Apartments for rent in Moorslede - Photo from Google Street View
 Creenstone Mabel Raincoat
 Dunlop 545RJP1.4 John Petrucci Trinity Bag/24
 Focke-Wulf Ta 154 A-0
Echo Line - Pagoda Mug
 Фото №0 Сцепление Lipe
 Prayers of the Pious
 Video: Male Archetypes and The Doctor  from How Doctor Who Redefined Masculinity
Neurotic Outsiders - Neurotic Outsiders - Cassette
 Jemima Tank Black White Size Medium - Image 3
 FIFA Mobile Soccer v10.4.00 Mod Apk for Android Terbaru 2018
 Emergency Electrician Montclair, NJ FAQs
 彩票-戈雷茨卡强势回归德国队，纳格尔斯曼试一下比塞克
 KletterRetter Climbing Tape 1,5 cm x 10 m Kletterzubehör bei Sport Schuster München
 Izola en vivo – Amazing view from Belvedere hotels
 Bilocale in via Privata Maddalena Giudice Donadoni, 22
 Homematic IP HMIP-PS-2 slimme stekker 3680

━━━━

**What is being asked:** Using the records above, write out exactly the lines between the one holding "Echo Line - Pagoda Mug" and the one holding "Jemima Tank Black", inclusive; leave everything else out.

**Response:**
Echo Line - Pagoda Mug
 Фото №0 Сцепление Lipe
 Prayers of the Pious
 Video: Male Archetypes and The Doctor  from How Doctor Who Redefined Masculinity
Neurotic Outsiders - Neurotic Outsiders - Cassette
 Jemima Tank Black White Size Medium - Image 3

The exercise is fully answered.